I have already written about UBS’s remuneration changes and its annual report does not go into more detail, but despite UBS being at the forefront of investment bank compensation reform, its losses in combination with the payment of bonuses still drew protest as we have seen. The thing to remember about any bonuses earned at UBS is that while they may have been reported for 2012, they are not paid out for many years, are subject to additional rigorous performance tests, and are equity-based. In other words, don’t count on them. Its share price rose during 2012 and has continued to increase during 2013.WPP’s annual report also describes a range of changes. The CEO’s remuneration package has been reduced through adjustments to base salary, pension allowance and short- and long-term incentive opportunity. This led to, basically, a 34% reduction in target pay. The short-term bonus was restructured. And a new long-term incentive plan has been proposed, based on a five-year performance and vesting period, but performance will be assessed against three measures – relative TSR; earnings per share growth; and average return on equity, rather than relative TSR alone.
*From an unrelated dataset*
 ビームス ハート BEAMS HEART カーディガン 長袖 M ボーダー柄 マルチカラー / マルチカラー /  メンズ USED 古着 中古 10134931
It is true that 9.74 times salary, the target payout for CEO Martin Sorrell, is a high target award for the new LTI, and this drew protest, but more importantly – and I saw no commentary about this at all – the new LTI is a significant deterioration in plan design. What was good about the old Leadership Equity Acquisition Plan (LEAP), which I have written about before, is that it was tough to earn because executives had to invest their own money in the company in order to earn rewards, then had to outperform at least half their peers to keep it. This new plan looks like a typical US plan, albeit with a five-year performance period. Awards vest with threshold performance – something the LEAP never contemplated – and there is no required at risk investment.
But in WPP’s remuneration committee report is a sentence that you would never read in a report from a US company: “Nevertheless, the changes we have made were designed to be responsive to an environment in which moderation of executive compensation is considered necessary and appropriate.”
In my experience, it really doesn’t matter what the remuneration committee report says. If it doesn’t reflect what is actually happening in the remuneration tables, then shareholders will vote against it.
So what did happen in the remuneration tables at these five companies? It’s difficult to see at Aviva as there is a new CEO and no proper comparison there, but the lack of bonuses drove annual pay down for other executive directors and that reflected shareholder sentiment, clearly.

And at Cairn, although annual pay went up for most of the executives, none of the LTI awards due to vest did, while substantial amounts were vested in 2011, therefore total pay went down. At Trinity Mirror, comparisons are difficult again because of the new CEO and another new executive director, but annual pay for the continuing executives clearly went down, substantially in some cases. At UBS, again, it’s difficult to compare as the new CEO was not in place for a full year in 2011, but bonuses and other share incentive awards were paid out this year at a slightly lower level for Robert McCann, the secondhighest paid executive, though as I have said, earnings from these will not be realised for some time.

WPP’s Sorrell earned about £2.5m less in annual pay in 2012. Maybe pay’s gone down, but it has also gone backwards, and become, potentially, easier to earn. I don’t think that’s a good result for shareholder democracy.